India Inc seems to have embarked on deleveraging (reducing debt) in right earnest, with about 60 of the 200 corporates that have announced their financial results so far reporting an aggregate debt reduction of ₹6,862 crore in FY2016.

State Bank of India’s Economic & Statistical Department in its report ‘Ecowrap’ said, “Clearly, things are now looking better, contrary to popular perception.
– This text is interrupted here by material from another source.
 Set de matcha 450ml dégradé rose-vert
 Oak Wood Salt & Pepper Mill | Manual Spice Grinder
Cement, Finance, Packaging, Transport (Airlines) and Fertiliser are some sectors that appear to be repaying debt or are less dependent on resorting to debt.”

Interestingly, sectors such as fertiliser which is now witnessing a silent revolution as the new investor policy is encouraging setting up of gas-based urea plants in country – the first time in the last 25 years.
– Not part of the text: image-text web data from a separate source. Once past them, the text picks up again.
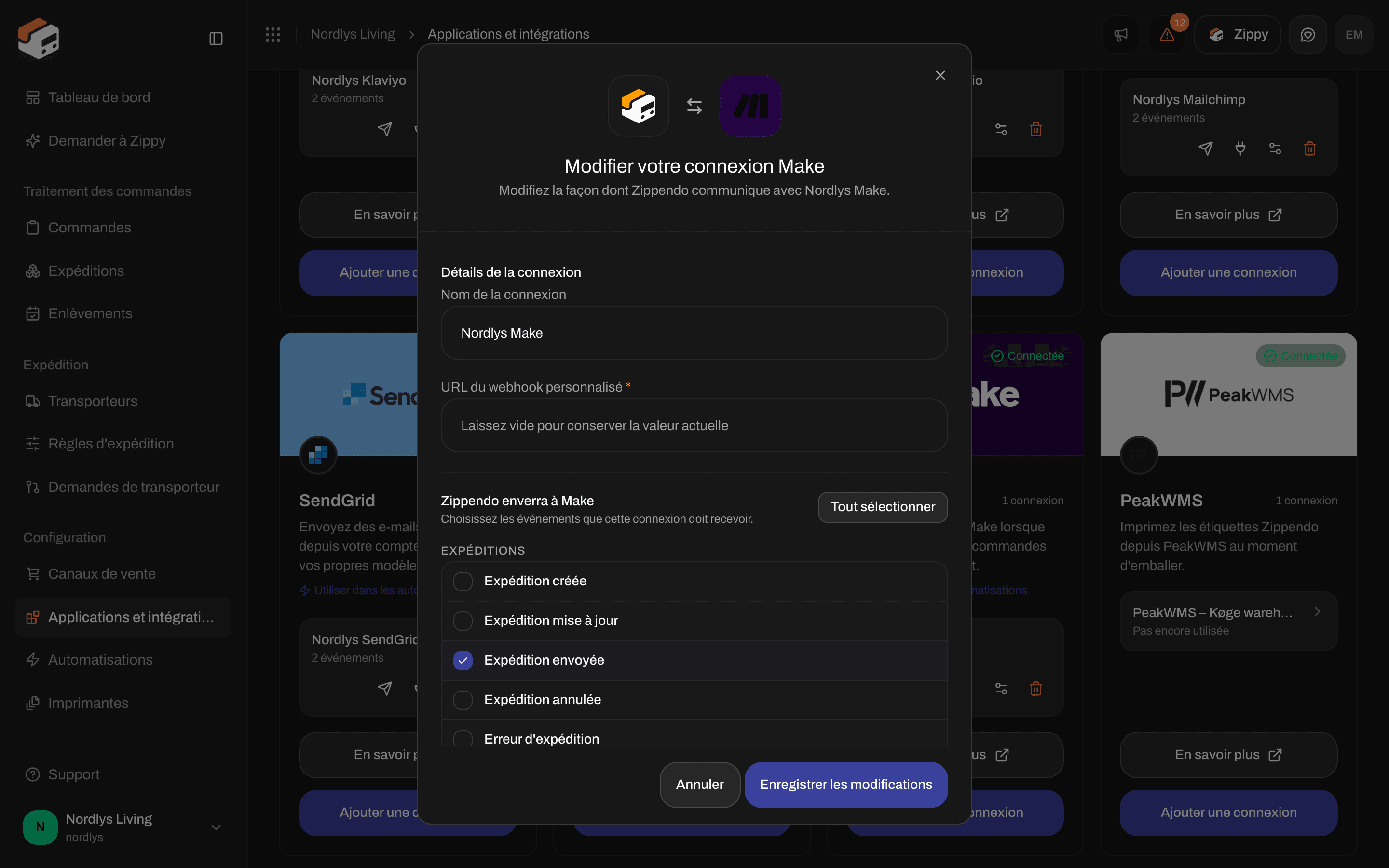 Fenêtre de modification d'une connexion Make avec le nom de la connexion, un champ de webhook vide et les événements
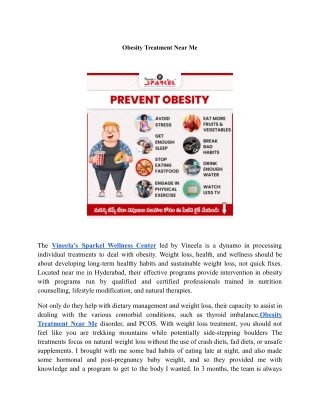 Obesity Treatment Near Me | Vineela’s Sparkel Wellness Center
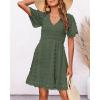 imageBTFBM Womens Beach Vacation Dress V Neck Short Sleeve Smocked Swiss Dot Casual Ruffle Mini Spring Summer Dresses 2025Army Green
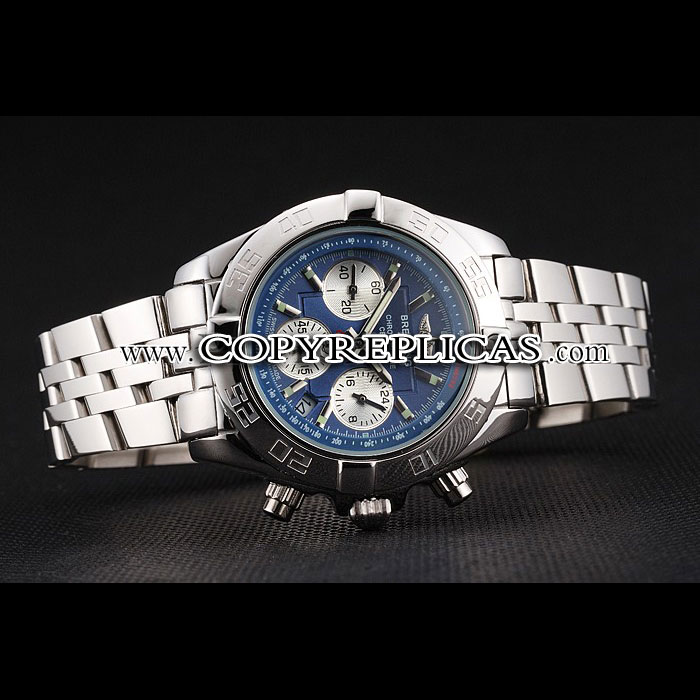 Breitling Chronomat Quartz Blue Dial Stainless Steel Case Bracelet BL5705 - Photo-3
The SBI report said in the listed companies data, three finance companies — Shriram Transport Finance, Cholamandalam Investment Finance and Motilal Oswal Finance — are reporting lower overall debt levels in FY16.
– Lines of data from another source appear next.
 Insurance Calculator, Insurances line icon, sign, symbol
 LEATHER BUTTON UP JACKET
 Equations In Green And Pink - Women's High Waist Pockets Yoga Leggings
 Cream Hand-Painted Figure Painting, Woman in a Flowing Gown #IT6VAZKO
In the fertiliser sector, companies such as GNFC turned the corner (from loss to profit in FY16).

In this sector, the SBI report said that already three plants are being set up in Kota (Chambal Fertilisers), Ramagundam (EIL and National Fertilisers Ltd) and RCF.

“Additionally, with an aim to encourage setting up urea-based plants in eastern part of the country, the government has directed NTPC, Coal India and ONGC to help set up plants at Sindhri, Gorakhpur and Barauni for facilitating Jagdishpur to Haldia gas pipeline being laid by GAIL,” it added.

The report observed that cement major UltraTech Cement Ltd reported lower overall debt levels, especially in long term borrowings.

However, UltraTech Cement entering into a definitive agreement to acquire the cement division of Jaiprakash Associates Ltd, analysts may watch the funding mix adopted for this acquisition.

Maruti Suzuki (Passenger Cars) also appeared to trend at lower debt levels.

In packaging, Essel Propack has consistently brought down debt levels in the last four years or so, said the report.

In a speech last year, SS Mundra, RBI Deputy Governor, observed that excessive leverage run up by the Indian corporate is a matter of great concern.

“Overleveraging is like having blood pressure — too low or too high, both are detrimental to the health.

“While banks need to do proper due diligence taking into account a consolidated balance sheet of the group, on their part the borrowers and the large business houses must end over-reliance on borrowed funds for achieving extraordinary growth rates.

“Operating with too little equity in the enterprise is like treading on thin ice.

“Too much leverage dilutes promoter’s responsibility and has implications for banks’ ability to recover loans,” he said.